Full disclosure: I have found that I, too, when it comes to work am willing to listen to some individuals moreso than others. It's not that what they're saying isn't perfectly valid. It's that, quite frankly, I like some of them more than others. More over, I've come to a point where I feel less and less guilty about "tuning out" some of the people in my life. I really don't feel so bad about ignoring alot of the static.
It's interesting that this reading is challenging me to listen to all individuals as a non verbal method of validation. What it's really tapping into is an old old button: because I feel such and such a way, I therefore have the authority to take it out on you. Not directly or out loud, no no! That's what my parents did! But, by behaving in a non verbal way, I'm doing the exact same thing--I'm treating you in a way that is unkind, unloving, and devaluing you. Now, does this mean I am under obligation to take the people at Kohl's and completely fall head over heel's for them? Of course not. I'm a human being. I haven't the foggiest how Mother Theresa did it, and I'm first in line to nominate the woman for saint hood. But it does challenge me, as a 7th step, to love these people as they are. You've heard me say "They are unique people, perfectly in process with their higher power, exactly where he wants them?" That's what I'm talking about.
Great example: The head manager of Kohl's (the one that told me he didn't believe me when I came clean about the bag issue?) turns into a little 6 year old boy any time the district manager and the regional manager do their monthly meetings. It's not like he doesn't have a head's up: they're sceduled meetings and, as district HQ, our store in perticular is expected to be the standard that other stores can measure themselves against. No matter what the District Manager says, the store manager will cower at her feet.

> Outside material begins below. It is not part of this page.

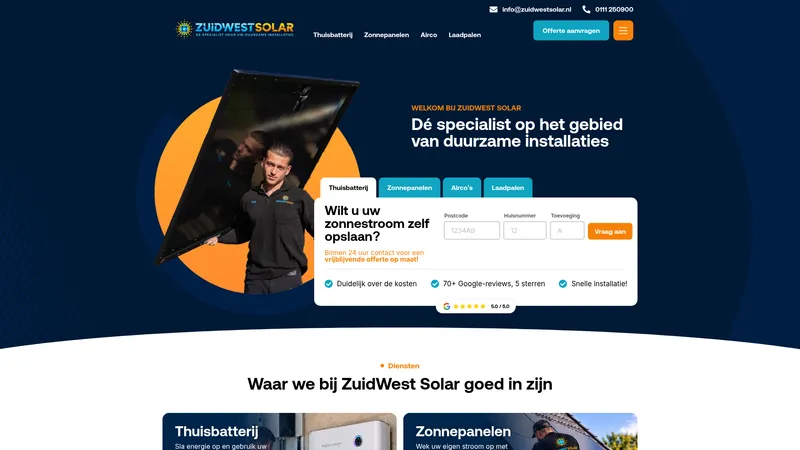Website van Zuidwest Solar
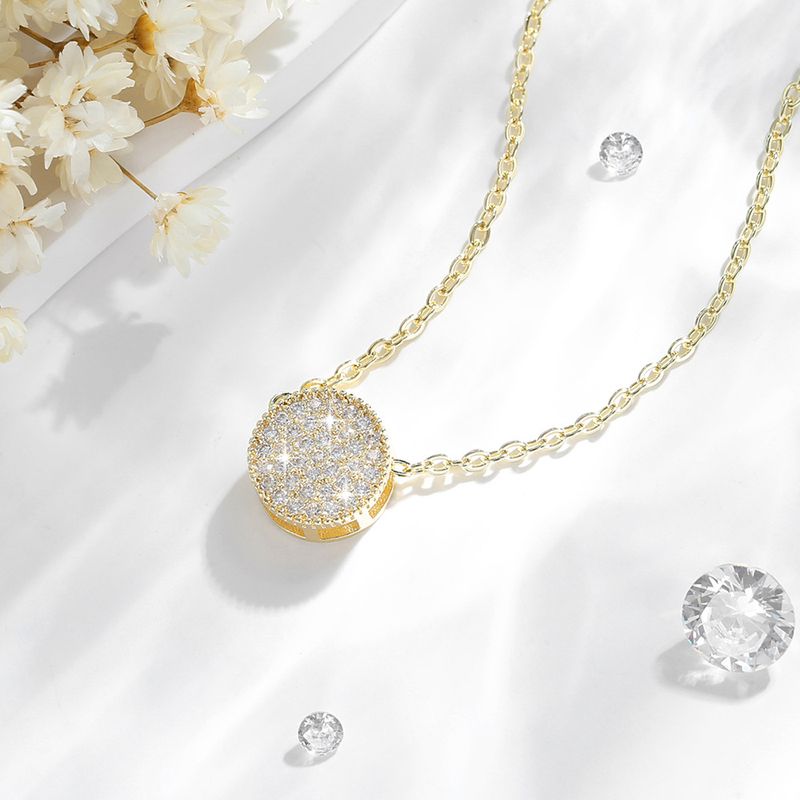 Selezione di gioielli da donna, collana in rame placcato oro 14 carati, zircone, catena a forma di O, ciondolo rotondo, moda, stile geometrico classico._voghion.com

Honestly, he reminds me of myself when I was in the throws of the family dysfunction of alcholism. There was no hope, I thought, and it didn't matter anyway, so I might as well take a deep breath--I'm gonna get steam rolled again.
Yet, of all the managers running around the store, the district, the region, I feel the saddest for him. His personal life's a mess--no divorce is "clean" or "smooth," but it seems as if every time there's a court appearance, the lawyers involved do more than simply suck his blood--and his vacations are always limited to his home.
So of course, the person I should give the benefit of the doubt to, I am the hardest on (myself included). Because I see so much of myself in him, I have the highest expectations of him--you're the adult! you're the manager! get a grip! get over it! pay a therapist! put on your big boy undies and grow up!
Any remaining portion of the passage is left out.